What We're SayingNovember 15, 2024

On September 27 and 28, 2024, the Department of Landscape Architecture presented Landscape Futures: Centennial of the Department of Landscape Architecture. The program included keynotes from James Corner (MLA’86) and Anne Whiston Spirn (MLA’74), as well as three panels moderated by landscape architecture faculty, all of which can be streamed on YouTube

The Naturalist 
With Jared Farmer, Sally Willig, Tessa Lowinske Desmond 

Moderated by Sean Burkholder Jared Farmer, PhD, is the Walter H. Annenberg Professor of History at the University of Pennsylvania’s School of Arts and Sciences. Sally Willig, PhD, is a lecturer and program advisor in the Master of Environmental Studies program at the University of Pennsylvania’s College of Liberal and Professional Studies and Weitzman’s Department of Landscape Architecture. Tessa Lowinske Desmond is a research specialist in the School of Public and International Affairs at Princeton University, where she directs The Seed Farm at Princeton. Sean Burkholder is the Andrew Gordon Assistant Professor of Landscape Architecture at the Weitzman School of Design.

The Astronaut
With M. Christine Boyer (MS’64), Andrew Zolli , Alvin D. Harvey  
Moderated by Azzurra Cox

M. Christine Boyer, PhD, is the William R. Kenan, Jr. Professor of Architecture and Urbanism at Princeton University’s School of Architecture, where she directs the undergraduate urban studies certificate program. Andrew Zolli is Chief Impact Officer at Planet, a space and AI organization that has deployed the largest constellation of Earth-observing satellites in history. Alvin D. Harvey, PhD, is Diné of the Navajo Nation and a postdoctoral fellow at MIT’s Department of Aeronautics and Astronautics, with a focus on Indigenous Research Methodologies and Methods. Azzurra Cox is an assistant professor of landscape architecture at the Weitzman School of Design.

The Household of Nature 
With Sonja Dümpelmann, Lydia Kallipoliti, Rob Holmes 
Moderated by Nicholas Pevzner (MLA’09) 

Sonja Dümpelmann is Professor and Chair of Environmental Humanities at the Ludwig Maximilian University of Munich, where she co-directs the Rachel Carson Center for Environment and Society.
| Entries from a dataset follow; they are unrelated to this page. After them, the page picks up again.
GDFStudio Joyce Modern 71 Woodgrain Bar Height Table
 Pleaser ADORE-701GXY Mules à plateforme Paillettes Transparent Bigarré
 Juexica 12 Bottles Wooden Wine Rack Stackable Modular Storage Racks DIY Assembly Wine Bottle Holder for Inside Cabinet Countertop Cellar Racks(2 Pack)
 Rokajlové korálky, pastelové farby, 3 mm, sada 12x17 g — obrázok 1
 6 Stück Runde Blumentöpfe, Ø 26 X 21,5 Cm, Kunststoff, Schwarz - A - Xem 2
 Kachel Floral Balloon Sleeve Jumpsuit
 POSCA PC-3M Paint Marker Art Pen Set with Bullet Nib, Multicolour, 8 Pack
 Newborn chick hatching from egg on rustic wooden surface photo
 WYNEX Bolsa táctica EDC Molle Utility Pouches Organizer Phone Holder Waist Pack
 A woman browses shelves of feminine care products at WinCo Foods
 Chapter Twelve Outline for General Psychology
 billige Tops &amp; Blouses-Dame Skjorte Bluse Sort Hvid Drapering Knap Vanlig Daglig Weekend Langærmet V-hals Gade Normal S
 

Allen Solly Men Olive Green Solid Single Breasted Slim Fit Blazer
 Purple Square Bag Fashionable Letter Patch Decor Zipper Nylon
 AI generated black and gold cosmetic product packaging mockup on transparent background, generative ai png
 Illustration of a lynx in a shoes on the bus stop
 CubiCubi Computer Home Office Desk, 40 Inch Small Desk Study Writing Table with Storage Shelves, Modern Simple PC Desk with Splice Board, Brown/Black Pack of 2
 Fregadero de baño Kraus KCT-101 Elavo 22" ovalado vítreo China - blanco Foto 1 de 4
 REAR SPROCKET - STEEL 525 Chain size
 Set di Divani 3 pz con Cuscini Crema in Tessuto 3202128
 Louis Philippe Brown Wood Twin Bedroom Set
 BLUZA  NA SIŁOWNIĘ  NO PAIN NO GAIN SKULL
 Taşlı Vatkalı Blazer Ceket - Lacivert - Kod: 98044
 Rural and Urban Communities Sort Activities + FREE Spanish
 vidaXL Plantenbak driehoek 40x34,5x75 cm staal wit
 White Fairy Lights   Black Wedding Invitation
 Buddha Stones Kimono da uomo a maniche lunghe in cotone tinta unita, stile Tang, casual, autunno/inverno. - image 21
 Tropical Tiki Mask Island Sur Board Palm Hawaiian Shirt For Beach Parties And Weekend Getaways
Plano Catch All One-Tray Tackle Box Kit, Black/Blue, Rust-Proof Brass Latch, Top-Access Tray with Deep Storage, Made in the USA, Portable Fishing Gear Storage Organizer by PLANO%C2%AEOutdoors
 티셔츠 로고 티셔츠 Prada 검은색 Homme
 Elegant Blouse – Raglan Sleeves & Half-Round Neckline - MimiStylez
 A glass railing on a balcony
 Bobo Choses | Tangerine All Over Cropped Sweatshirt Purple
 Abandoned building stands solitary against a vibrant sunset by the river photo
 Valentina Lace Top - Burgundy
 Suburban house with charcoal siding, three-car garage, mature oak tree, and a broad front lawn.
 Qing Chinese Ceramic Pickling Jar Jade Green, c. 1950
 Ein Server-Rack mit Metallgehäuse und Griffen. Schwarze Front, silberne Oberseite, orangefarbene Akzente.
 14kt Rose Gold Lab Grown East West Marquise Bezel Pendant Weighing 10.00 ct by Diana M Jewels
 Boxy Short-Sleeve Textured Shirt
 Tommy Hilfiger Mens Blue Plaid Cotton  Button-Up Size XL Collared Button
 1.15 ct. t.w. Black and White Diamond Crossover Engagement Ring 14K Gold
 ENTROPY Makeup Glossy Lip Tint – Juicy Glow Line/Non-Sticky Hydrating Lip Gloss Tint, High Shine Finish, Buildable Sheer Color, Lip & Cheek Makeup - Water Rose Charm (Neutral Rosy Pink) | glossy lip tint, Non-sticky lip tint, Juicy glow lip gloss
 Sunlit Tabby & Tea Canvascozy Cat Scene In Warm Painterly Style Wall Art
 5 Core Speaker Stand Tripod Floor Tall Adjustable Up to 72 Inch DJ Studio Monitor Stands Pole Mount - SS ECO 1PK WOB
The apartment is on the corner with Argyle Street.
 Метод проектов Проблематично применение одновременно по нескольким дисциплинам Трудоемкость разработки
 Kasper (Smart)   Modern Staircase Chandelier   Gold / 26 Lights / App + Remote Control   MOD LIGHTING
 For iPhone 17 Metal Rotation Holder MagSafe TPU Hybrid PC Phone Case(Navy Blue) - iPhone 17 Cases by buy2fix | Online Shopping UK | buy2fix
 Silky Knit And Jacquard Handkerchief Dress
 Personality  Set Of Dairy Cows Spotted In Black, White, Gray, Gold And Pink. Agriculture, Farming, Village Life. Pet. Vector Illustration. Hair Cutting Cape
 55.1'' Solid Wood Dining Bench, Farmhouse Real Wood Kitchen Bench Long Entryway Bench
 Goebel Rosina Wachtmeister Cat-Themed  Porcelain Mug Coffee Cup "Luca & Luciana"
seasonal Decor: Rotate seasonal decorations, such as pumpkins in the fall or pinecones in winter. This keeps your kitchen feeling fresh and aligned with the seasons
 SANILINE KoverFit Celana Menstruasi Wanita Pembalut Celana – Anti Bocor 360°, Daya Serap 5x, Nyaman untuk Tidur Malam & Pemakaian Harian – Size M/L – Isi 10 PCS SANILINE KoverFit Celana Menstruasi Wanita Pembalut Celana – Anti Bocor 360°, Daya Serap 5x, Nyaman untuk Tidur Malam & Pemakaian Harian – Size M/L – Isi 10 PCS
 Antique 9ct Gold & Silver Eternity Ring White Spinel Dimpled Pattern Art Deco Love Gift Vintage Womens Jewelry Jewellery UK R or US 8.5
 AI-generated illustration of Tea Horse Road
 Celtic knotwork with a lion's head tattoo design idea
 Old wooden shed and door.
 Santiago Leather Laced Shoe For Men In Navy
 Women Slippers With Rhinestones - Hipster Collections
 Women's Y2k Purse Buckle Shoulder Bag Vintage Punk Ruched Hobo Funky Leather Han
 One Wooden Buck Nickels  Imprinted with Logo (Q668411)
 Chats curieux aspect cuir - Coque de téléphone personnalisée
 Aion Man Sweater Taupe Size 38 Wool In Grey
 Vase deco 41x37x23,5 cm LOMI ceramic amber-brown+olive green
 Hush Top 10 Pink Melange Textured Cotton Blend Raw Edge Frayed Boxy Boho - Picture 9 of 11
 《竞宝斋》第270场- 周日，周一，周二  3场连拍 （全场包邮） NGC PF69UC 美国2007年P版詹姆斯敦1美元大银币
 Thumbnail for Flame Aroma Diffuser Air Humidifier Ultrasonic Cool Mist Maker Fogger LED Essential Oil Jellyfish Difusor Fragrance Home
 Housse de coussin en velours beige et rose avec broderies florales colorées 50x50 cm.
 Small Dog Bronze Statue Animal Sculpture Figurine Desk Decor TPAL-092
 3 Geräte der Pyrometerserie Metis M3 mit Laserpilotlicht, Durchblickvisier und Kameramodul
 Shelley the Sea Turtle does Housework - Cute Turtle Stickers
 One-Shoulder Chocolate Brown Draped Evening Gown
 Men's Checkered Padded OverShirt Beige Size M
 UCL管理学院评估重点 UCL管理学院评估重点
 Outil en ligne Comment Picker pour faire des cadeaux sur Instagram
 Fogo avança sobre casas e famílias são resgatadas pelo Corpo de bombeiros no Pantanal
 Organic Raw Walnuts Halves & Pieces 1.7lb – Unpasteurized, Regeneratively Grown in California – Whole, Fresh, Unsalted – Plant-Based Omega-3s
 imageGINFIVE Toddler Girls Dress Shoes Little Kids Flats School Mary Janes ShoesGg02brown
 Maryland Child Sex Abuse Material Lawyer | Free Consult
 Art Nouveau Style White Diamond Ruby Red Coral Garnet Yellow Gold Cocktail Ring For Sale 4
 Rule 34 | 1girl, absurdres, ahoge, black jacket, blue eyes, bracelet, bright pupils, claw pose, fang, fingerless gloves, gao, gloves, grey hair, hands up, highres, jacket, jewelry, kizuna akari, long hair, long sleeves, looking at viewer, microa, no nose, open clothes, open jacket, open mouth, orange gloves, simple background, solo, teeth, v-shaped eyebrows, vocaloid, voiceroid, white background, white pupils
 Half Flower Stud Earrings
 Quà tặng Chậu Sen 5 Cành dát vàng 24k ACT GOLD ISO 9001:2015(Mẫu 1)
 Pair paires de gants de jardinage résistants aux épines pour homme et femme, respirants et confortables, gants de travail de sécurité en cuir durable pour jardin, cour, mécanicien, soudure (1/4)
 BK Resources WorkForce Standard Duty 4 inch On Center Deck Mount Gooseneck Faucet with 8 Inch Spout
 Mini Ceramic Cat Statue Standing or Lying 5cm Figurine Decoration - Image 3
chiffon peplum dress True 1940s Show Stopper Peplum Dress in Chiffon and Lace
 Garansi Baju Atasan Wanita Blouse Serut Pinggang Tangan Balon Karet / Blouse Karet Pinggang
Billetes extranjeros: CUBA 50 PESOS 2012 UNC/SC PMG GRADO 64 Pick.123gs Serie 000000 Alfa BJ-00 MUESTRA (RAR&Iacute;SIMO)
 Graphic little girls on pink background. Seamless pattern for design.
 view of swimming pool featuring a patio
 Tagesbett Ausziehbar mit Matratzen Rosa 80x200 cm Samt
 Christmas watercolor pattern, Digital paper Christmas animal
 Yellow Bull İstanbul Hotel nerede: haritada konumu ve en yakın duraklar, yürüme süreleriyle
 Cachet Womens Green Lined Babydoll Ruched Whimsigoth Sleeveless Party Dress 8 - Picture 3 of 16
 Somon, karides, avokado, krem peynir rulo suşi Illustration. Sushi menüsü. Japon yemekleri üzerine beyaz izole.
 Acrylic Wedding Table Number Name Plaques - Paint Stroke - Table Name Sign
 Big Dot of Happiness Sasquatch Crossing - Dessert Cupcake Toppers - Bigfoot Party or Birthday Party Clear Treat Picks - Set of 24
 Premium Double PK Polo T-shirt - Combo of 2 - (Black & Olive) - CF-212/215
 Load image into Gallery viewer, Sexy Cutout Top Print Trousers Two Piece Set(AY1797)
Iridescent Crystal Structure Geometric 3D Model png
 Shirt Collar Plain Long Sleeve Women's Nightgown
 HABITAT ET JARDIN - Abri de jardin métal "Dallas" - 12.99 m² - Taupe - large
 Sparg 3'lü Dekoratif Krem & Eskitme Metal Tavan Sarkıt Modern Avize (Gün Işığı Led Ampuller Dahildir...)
Lydia Kallipoliti is an associate professor and director of the Master of Science in Advanced Architectural Design program at Columbia University’s Graduate School of Architecture, Planning, and Preservation. Rob Holmes is an associate professor and chair of the undergraduate landscape architecture program at Auburn University, where he leads the Landscape Infrastructure Design Lab. Nicholas Pevzner is an assistant professor of landscape architecture at the Weitzman School of Design.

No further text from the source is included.